(Records from a data collection)

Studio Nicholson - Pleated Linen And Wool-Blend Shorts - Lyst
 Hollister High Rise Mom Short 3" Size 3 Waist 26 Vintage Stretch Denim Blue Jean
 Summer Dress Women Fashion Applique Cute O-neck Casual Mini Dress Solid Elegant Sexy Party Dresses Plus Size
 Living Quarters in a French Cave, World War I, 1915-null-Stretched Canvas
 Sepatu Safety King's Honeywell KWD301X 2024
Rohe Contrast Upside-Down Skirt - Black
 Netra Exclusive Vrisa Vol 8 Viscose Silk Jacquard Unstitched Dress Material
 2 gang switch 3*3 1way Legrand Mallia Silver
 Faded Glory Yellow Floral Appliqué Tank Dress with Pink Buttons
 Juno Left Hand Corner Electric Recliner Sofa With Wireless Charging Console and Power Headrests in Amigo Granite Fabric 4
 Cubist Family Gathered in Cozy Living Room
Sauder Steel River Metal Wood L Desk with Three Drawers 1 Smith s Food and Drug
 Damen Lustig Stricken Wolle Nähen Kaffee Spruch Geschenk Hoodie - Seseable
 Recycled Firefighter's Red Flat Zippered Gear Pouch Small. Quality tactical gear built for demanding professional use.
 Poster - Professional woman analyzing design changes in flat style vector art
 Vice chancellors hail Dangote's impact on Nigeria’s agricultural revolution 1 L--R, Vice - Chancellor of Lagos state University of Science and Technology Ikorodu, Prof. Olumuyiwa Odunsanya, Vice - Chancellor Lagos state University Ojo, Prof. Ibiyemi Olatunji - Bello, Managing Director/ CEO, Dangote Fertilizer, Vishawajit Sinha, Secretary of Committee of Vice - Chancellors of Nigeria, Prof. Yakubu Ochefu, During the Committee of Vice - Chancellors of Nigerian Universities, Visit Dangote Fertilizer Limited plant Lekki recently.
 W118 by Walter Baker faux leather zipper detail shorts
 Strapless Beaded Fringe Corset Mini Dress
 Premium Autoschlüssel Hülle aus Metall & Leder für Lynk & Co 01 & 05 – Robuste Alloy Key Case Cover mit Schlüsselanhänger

The task: Write out the lines of the records exactly, starting at the one holding "Recycled Firefighter's Red" and ending with the last line, and include no others.

Task result:
 Recycled Firefighter's Red Flat Zippered Gear Pouch Small. Quality tactical gear built for demanding professional use.
 Poster - Professional woman analyzing design changes in flat style vector art
 Vice chancellors hail Dangote's impact on Nigeria’s agricultural revolution 1 L--R, Vice - Chancellor of Lagos state University of Science and Technology Ikorodu, Prof. Olumuyiwa Odunsanya, Vice - Chancellor Lagos state University Ojo, Prof. Ibiyemi Olatunji - Bello, Managing Director/ CEO, Dangote Fertilizer, Vishawajit Sinha, Secretary of Committee of Vice - Chancellors of Nigeria, Prof. Yakubu Ochefu, During the Committee of Vice - Chancellors of Nigerian Universities, Visit Dangote Fertilizer Limited plant Lekki recently.
 W118 by Walter Baker faux leather zipper detail shorts
 Strapless Beaded Fringe Corset Mini Dress
 Premium Autoschlüssel Hülle aus Metall & Leder für Lynk & Co 01 & 05 – Robuste Alloy Key Case Cover mit Schlüsselanhänger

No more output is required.